From an early age we are taught to make comparisons.  In science class, we compared the reaction of two chemical processes. In English class, we compared characters in a story. In history class, we compared the causes and effects of two wars. As juniors and seniors in high school we may have compared one college to another until we decided where we wanted to apply. And as we get older and move into adulthood, we continue to make comparisons on a daily basis to help determine important decisions. But when does making comparisons become destructive and hurtful?

Instead of using our skill of comparing and contrasting to make informed decisions, we use it to determine our self-worth, our development or progress (or lack thereof) in certain areas, and in most cases, we use it to tear ourselves down. We often focus our comparisons on our physical appearance, abilities and material possessions which sometimes leave us feeling inadequate. For example:

I’m natural, but my hair doesn’t look like hers; it’s so coarse and kinky



Look at her. She just seems to have it all together. Unlike me…


I’m _________ age, and I’m not married. I must be doing something wrong because everyone I know are either married or getting married.


If I had a bigger [insert word] or a smaller [insert word] like so and so, he would want me.

Making comparisons like these is often a sign of low self-esteem because it shows that you are not happy with the person you are or with what you have in your life. Your comparisons tend to focus on aspects of your life that you don’t like, and as a result, you view yourself with an overly critical eye. When I think about my life, I can definitely relate to this.  I’ve found that when I make comparisons that are negative, they often reflect the negative things that I already think about myself.

Making negative comparisons about yourself can affect how you interact with others. When you view yourself critically, you often expect others to view you in the same way. So however you feel about yourself, you conclude that others feel the same way. For example, if you think that you’re unattractive, you probably expect others to view you as unattractive as well. So when you see a fine man that makes you go “GOT DARN,” instead of talking to him, you say to yourself,

I can’t talk to him. He probably thinks that I’m ugly. And I’m probably not his type anyway.

Instead of taking the opportunity to meet someone, you are projecting your negative thoughts about yourself onto someone else, and as a result, you may have missed an opportunity to meet someone great. Or, maybe you missed a career opportunity because you didn’t think that you were good enough to apply for the job.

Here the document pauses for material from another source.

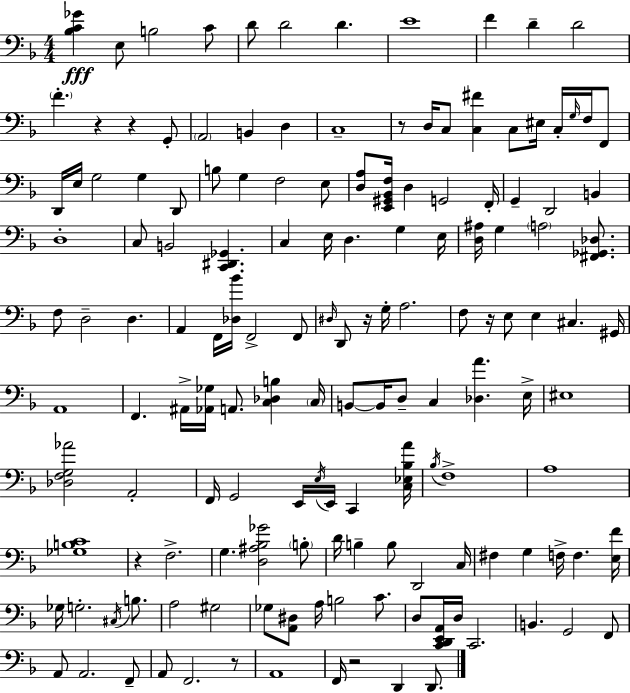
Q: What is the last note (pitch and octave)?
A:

Do we all have things we don’t like about our body? Heck yeah. Are there things that we may wish that we were better at? Definitely. Are there people that may have more money or drive nicer cars? Yes.  But should you let those perceived shortcomings or flaws define you or determine your self-worth? Absolutely NOT!

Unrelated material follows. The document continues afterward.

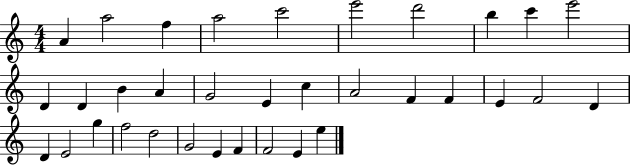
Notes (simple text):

A4/q A5/h F5/q A5/h C6/h E6/h D6/h B5/q C6/q E6/h D4/q D4/q B4/q A4/q G4/h E4/q C5/q A4/h F4/q F4/q E4/q F4/h D4/q D4/q E4/h G5/q F5/h D5/h G4/h E4/q F4/q F4/h E4/q E5/q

It’s not easy to stop making comparisons. After all, we’ve been doing it for a long time. But it’s important to try. Here are a few suggestions to combat this bad habit:

1.     Change your thoughts

  • Think about what you are thinking about. Sometimes we don’t even realize what we’re thinking about and before we know it, our mind has gone towards a negative place. We must be conscious of our thoughts.
  • When you start to negatively compare yourself to others, cut those thoughts off immediately. Make a conscious decision to change your thought pattern.


2.     Rehearse positive thoughts

  • Tell yourself that what that person has or doesn’t have does not impact you.
  • Speak positive things about yourself. It may be hard at first, and you may not believe what you are saying, but the more you practice it, the more you will start to believe.

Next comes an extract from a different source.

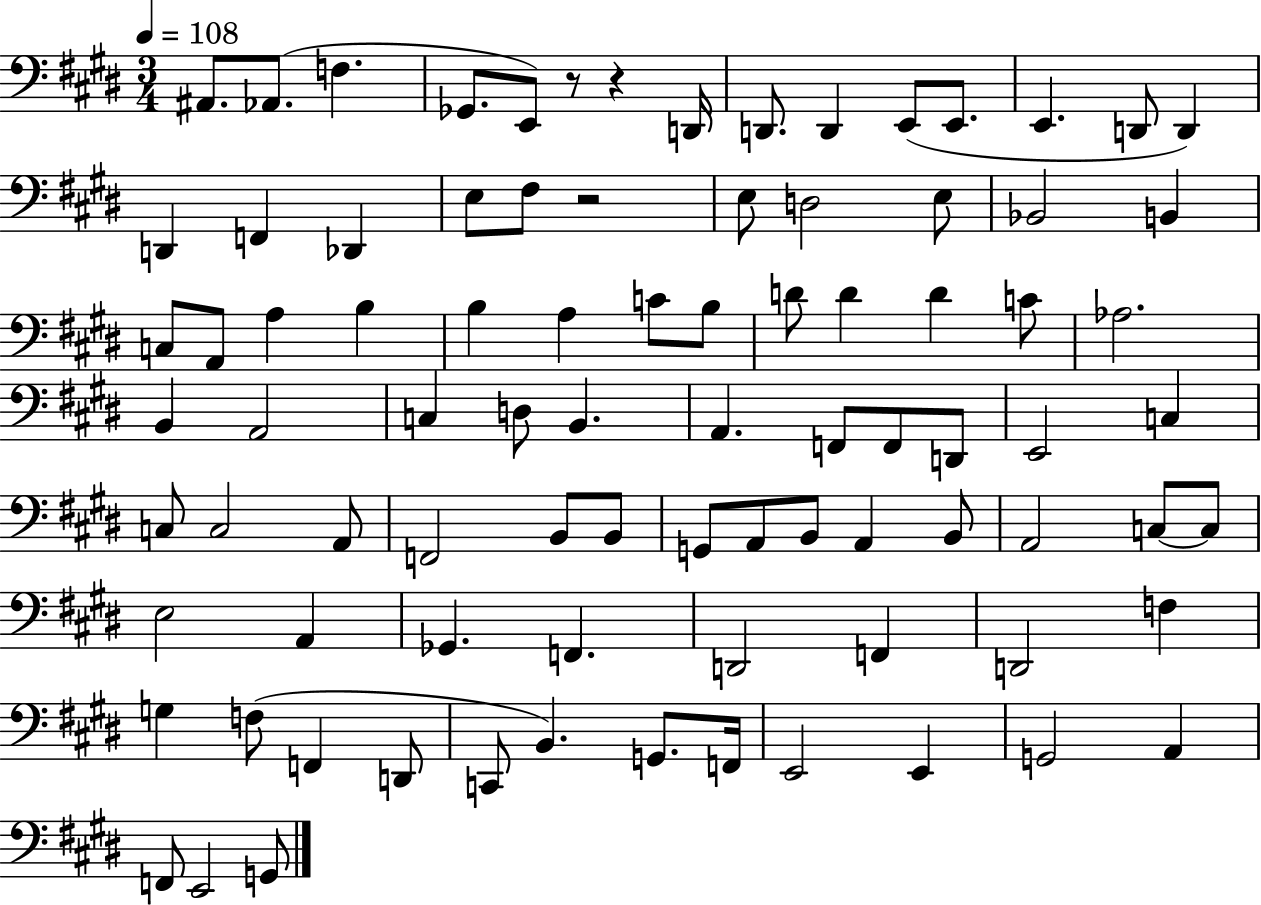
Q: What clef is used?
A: bass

3.     Focus on the positive

  • Make a list of positive things. Include:
    • What do you like about yourself? Your life?
    • What do you do well?
    • What makes you happy?

I’ll leave you with a powerful quote that I read in The Word for You Today:

“When you focus your attention on who you aren’t by comparing yourself with someone else, you lose sight of who you need to become.”

Don’t lose sight of how wonderful you are because you’re too busy comparing.

Regal Resource:

Joyce Meyer has two great books that deal with combating our negative thoughts: Battle Field of the Mind & Power Thoughts

I Want To Know:

  • Have you ever been guilty of negatively comparing yourself to others?
  • Have you ever missed out on an opportunity because you didn’t think you were good enough?
  • What strategies do you use to stop comparing yourself to others?